Theresa’s Green Point home is in many (but not all) ways an extension of her restaurant, where she spends seemingly most of her life, starting work at 8am and finishing often in the early hours of the morning. Sundays are her sole days to herself and she wouldn’t really want them spent anywhere but at her renovated Victorian terrace, reclining on a day bed layered in antique linen out on the sunny front veranda, or relaxing in a repurposed iron bathtub set in the middle of the prettiest bathroom ever, perhaps catching up on some reading. Books are an obsession and, as with The Duchess, they take pride of place here.
Theresa’s move to Cape Town from Johannesburg, where she had run a succession of popular restaurants, happened ‘by way of a detour into country life,’ she says. She spent two years ‘making jam’ at her late father’s cattle and apple farm near Elgin. With ambitions to turn the farmhouse into a boutique hotel and spa, she called in well-known designer Craig Kaplan with a view to ‘doing it up’, and a friendship was forged.
Circumstances, however, brought her to Cape Town. ‘It was quite a big thing,’ says Theresa, ‘I bought a house and started a restaurant in a new city at the same time.’ This time Craig was able to help her with both. ‘We did the Duchess on the smell of an oily rag,’ she says. ‘Everything in it belongs either to Craig or to me, taken from home.’
She had found her perfect house with relative ease – it had, fortuitously, belonged to her real estate agent and Theresa had fallen ‘instantly in love with it’. ‘I wanted a house that wasn’t pretentious or ostentatious… that wasn’t modern or smart,’ she says. This one fitted the bill.
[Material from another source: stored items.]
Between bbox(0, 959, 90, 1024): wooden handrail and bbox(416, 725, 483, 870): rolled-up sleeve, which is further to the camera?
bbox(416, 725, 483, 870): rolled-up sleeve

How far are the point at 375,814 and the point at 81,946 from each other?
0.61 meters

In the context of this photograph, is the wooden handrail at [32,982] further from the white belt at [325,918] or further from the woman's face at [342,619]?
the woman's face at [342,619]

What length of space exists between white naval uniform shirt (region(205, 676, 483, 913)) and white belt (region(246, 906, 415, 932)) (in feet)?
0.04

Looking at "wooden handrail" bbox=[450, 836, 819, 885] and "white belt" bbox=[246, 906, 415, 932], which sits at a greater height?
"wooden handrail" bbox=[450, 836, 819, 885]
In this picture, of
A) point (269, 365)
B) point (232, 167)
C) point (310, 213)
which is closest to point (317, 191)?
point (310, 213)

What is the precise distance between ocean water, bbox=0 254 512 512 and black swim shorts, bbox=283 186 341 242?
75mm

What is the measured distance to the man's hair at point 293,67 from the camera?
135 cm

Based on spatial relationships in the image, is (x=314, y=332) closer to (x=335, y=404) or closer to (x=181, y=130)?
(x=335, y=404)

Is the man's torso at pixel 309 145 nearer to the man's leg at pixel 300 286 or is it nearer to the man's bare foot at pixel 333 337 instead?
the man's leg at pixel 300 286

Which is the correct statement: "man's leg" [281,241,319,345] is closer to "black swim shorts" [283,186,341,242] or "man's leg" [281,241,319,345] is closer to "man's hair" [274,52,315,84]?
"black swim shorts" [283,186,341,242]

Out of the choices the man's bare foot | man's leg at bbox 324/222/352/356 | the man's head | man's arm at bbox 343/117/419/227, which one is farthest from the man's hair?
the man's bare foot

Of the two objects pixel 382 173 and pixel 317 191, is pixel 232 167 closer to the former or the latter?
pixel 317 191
Although it had the requisite wooden floors and high ceilings, there was still much work to be done on it. ‘Upstairs was a rabbit warren of minute rooms,’ she says.
Walls were knocked down to create ‘one big room’ – a generous space comprising a kitchen and dining area, leading into an airy lounge that opens onto a balcony spanning the width of the house. ‘The house must have been subdivided in the 1950s,’ says Theresa, explaining the strange position of a staircase, now blocked off after
a new one was installed to connect the upper and lower levels.
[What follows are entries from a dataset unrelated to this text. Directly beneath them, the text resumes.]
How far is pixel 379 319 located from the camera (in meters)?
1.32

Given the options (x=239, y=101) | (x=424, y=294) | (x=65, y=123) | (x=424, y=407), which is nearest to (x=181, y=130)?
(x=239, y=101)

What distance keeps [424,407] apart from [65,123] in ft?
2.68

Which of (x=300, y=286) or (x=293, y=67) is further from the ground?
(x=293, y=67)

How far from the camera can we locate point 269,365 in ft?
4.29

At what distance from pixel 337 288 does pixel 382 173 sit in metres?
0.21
The house has been beautifully finished, from the elegant cornices to the neat, recessed bookshelves, although its owner was adamant about keeping a patchy stretch of the wooden floors in the dining area as is, an effect that adds to the patina of the revitalised old home, along with its original fireplaces and ceiling roses.
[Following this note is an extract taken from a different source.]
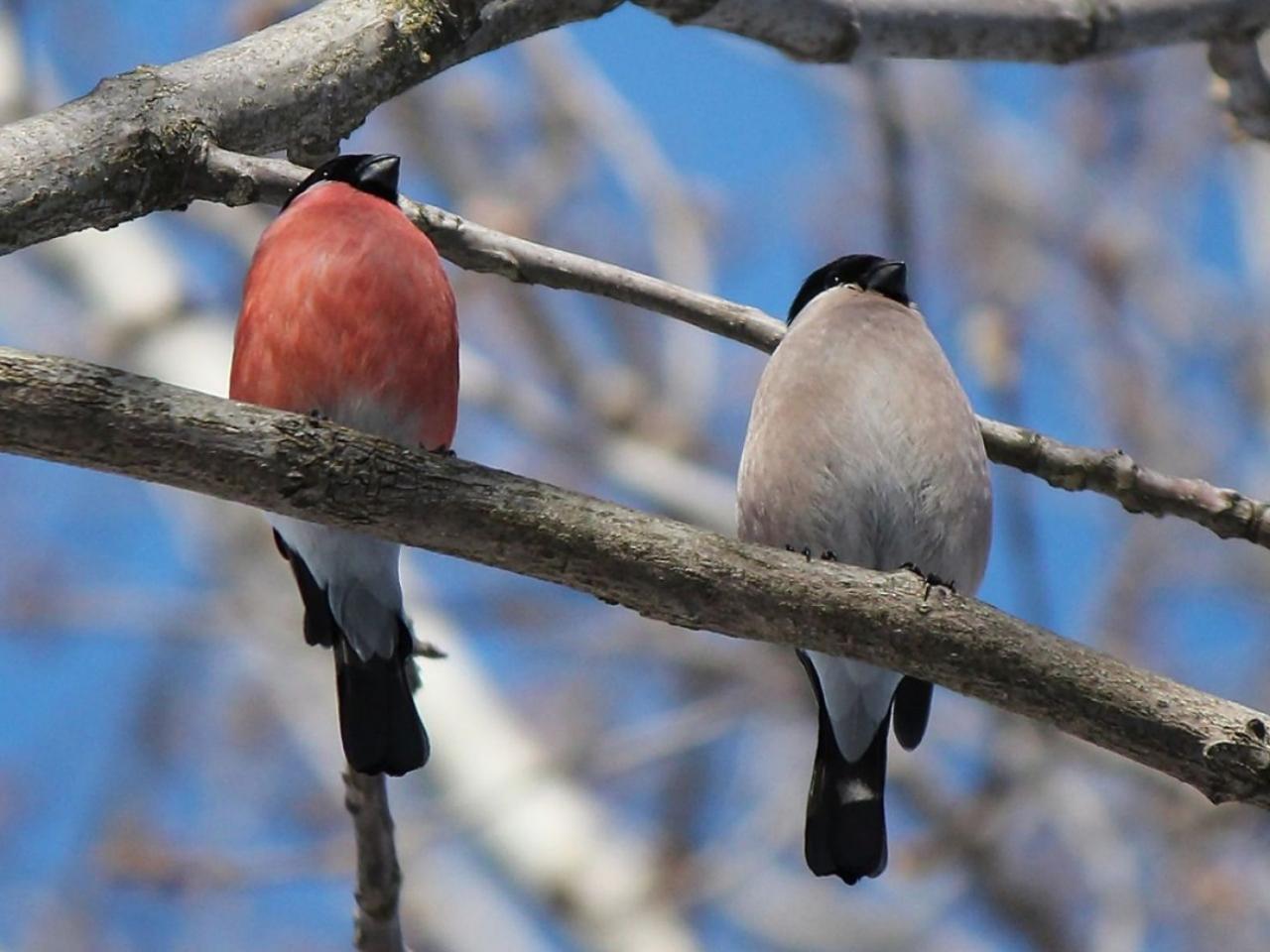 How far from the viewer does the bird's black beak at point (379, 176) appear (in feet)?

A soft, neutral palette ranging from milky whites and double-thick creams to, in her sleeping and bathing quarters, the palest pinks and baby blues, makes for a calming backdrop for inherited furniture and the odd quirky find. Theresa’s home is all about comfort and ambience, and reveals the sort of unstudied style that is not easily emulated. It is in every way fit for a duchess. The Duchess of Wisbeach.